▼▼▼

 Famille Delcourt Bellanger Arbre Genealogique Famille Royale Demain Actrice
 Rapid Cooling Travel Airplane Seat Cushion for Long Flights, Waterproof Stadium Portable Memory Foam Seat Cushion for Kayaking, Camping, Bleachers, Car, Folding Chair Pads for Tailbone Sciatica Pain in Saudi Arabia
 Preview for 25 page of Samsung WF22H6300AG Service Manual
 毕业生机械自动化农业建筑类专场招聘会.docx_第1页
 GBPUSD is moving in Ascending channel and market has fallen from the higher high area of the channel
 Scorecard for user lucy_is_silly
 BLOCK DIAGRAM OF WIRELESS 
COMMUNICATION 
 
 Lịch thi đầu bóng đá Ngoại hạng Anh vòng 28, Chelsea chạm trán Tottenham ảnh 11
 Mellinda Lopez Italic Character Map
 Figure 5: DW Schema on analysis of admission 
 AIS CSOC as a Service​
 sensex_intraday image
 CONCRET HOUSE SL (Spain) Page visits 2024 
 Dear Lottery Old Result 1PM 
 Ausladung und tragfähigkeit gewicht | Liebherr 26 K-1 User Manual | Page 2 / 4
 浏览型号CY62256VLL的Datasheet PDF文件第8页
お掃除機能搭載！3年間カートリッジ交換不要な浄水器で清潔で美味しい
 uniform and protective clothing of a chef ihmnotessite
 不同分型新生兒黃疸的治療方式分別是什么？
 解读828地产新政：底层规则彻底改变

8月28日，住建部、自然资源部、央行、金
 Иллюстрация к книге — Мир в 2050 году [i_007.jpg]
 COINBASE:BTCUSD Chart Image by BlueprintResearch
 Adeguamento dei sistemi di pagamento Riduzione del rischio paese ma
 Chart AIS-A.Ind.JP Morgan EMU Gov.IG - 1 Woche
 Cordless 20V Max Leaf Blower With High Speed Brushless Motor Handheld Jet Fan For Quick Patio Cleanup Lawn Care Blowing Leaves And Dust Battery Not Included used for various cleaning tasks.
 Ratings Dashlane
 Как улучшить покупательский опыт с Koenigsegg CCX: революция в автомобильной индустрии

▲▲▲

◆ What is being asked
What are the lines from the one with "Lịch thi đầu" through the end of the entries? Give them again exactly, both end lines included.

◆ Your solution
 Lịch thi đầu bóng đá Ngoại hạng Anh vòng 28, Chelsea chạm trán Tottenham ảnh 11
 Mellinda Lopez Italic Character Map
 Figure 5: DW Schema on analysis of admission 
 AIS CSOC as a Service​
 sensex_intraday image
 CONCRET HOUSE SL (Spain) Page visits 2024 
 Dear Lottery Old Result 1PM 
 Ausladung und tragfähigkeit gewicht | Liebherr 26 K-1 User Manual | Page 2 / 4
 浏览型号CY62256VLL的Datasheet PDF文件第8页
お掃除機能搭載！3年間カートリッジ交換不要な浄水器で清潔で美味しい
 uniform and protective clothing of a chef ihmnotessite
 不同分型新生兒黃疸的治療方式分別是什么？
 解读828地产新政：底层规则彻底改变

8月28日，住建部、自然资源部、央行、金
 Иллюстрация к книге — Мир в 2050 году [i_007.jpg]
 COINBASE:BTCUSD Chart Image by BlueprintResearch
 Adeguamento dei sistemi di pagamento Riduzione del rischio paese ma
 Chart AIS-A.Ind.JP Morgan EMU Gov.IG - 1 Woche
 Cordless 20V Max Leaf Blower With High Speed Brushless Motor Handheld Jet Fan For Quick Patio Cleanup Lawn Care Blowing Leaves And Dust Battery Not Included used for various cleaning tasks.
 Ratings Dashlane
 Как улучшить покупательский опыт с Koenigsegg CCX: революция в автомобильной индустрии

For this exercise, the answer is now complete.